What is the legal period for advice from the Ethics Committee (EC) and Federal Agency for Medicines and Health Products (FAMHP)?

  • Post category:FAQ

For experiments under the law of May 7th 2004, retrospective studies, studies on residual human body material and amendments to these studies:

As described in the Belgian law on experiments, the MEC has a period of maximum 28 calendar days to communicate its motivated advice to the researcher. This also applies for studies that do not fall under the law of May 7th 2004. Please note: if you receive advice for changes, extra attachments or the like, these 28 calendar days are put ‘on hold’. The days continue again from the moment you provide an answer and/or the adapted documents to the MEC.

For clinical trials under the Clinical Trial Regulation (CTR) and substantial modifications to the trials:

The approval period for clinical trials under the CTR varies from 60 to 106* calendar days (depending on the request for additional information by the RMS/MSC).

The approval period for substantial modifications to clinical trials under the CTR varies from 49 to 95* calendar days (depending on the request for additional information by the RMS/MSC).

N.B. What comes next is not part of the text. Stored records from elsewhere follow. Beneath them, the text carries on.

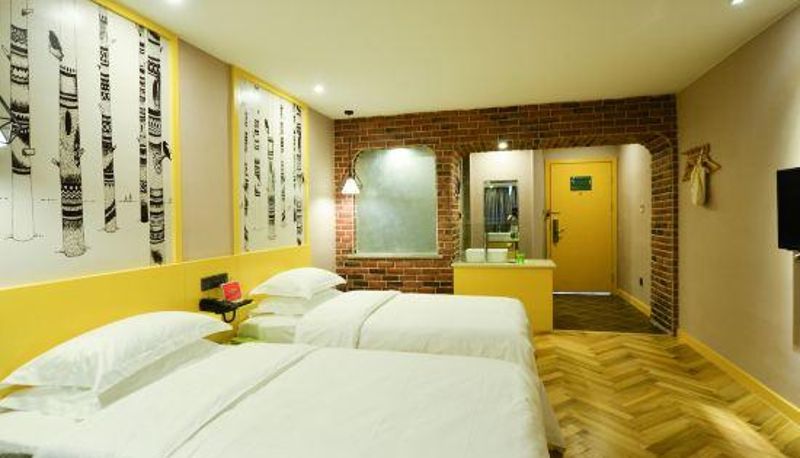 Camera - Tiantai Garden Boutique Hotel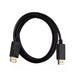 สาย DISPLAYPORT TO DISPLAYPORT HD 4K 1.8 เมตร Cable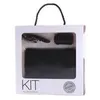 Image de Set amateur de vin prestige - 1 tire-bouchon - 1 housse rafraichissante - 1 bouchon conservateur
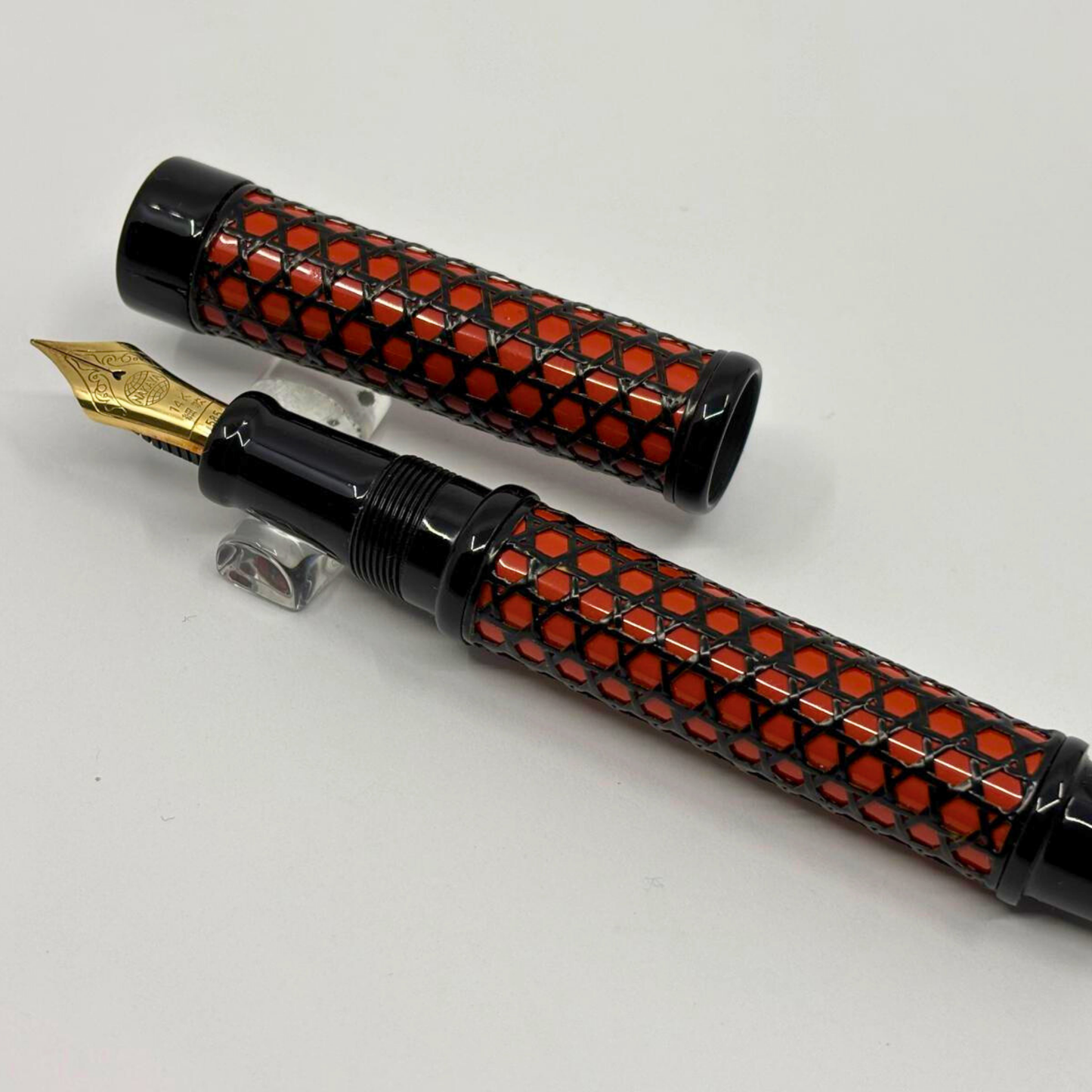 Nakaya Kago-amime Ariashu - Fountain Pen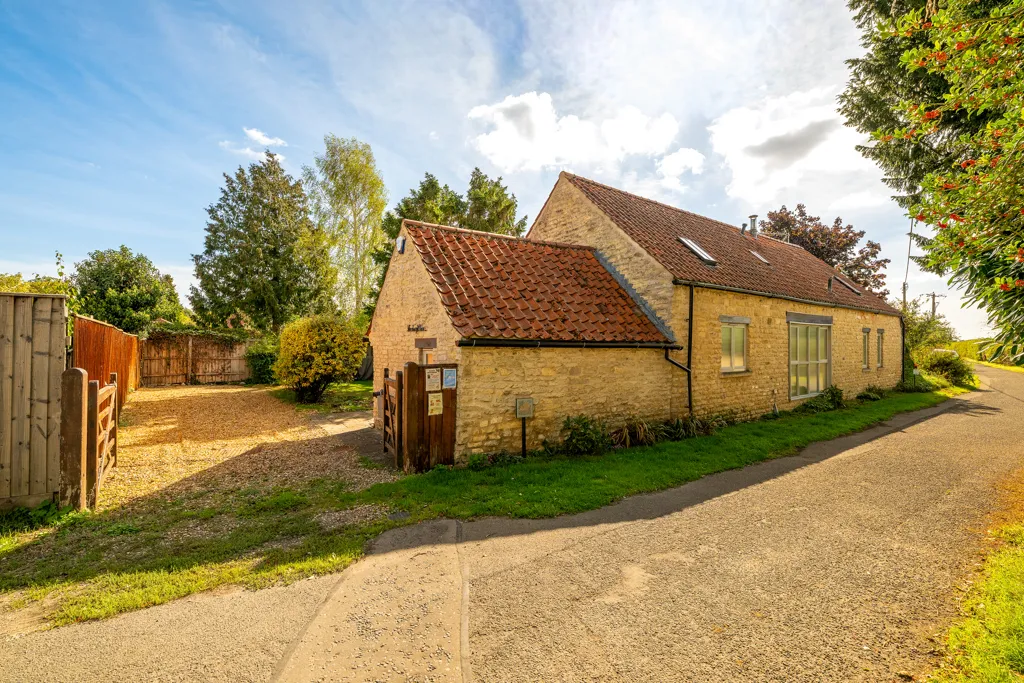 3 bed house for sale, Main Street, Nocton, LN4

* This period may extend by a further 50 calender days for clinical trials involving an advanced therapy investigational medicinal product (ATMP).

For studies under the Medical Device Regulation (MDR) / In Vitro Diagnostic Medical Devices Regulation (IVDR) and substantial modifications to these studies:

The approval period for clinical investigations/performance studies and substantial modifications under the MDR/IVDR depends on the regulatory submission pathway which depends on the status of the investigational (in vitro diagnostic) medical device and can vary between 28 to 65 calendar days.

  • For more detailed information about the MDR the ‘Guideline on Submission Processes of Clinical Investigations according to MDR in Belgium’ document on the website of FAMHP can be consulted.
  • For more detailed information about the IVDR the ‘Guideline on Submission Processes of Performance Studies according to IVDR in Belgium’ document on the website of FAMHP can be consulted.

Do I need to prepare a final report?

Within a year after the end of trial (i.e. the last visit of the last patient) a final study report has to be submitted to the EC and/or FAMHP, either as a report/summary or as a publication. HIRUZ CTU will contact the investigator with regard to the final report preparation.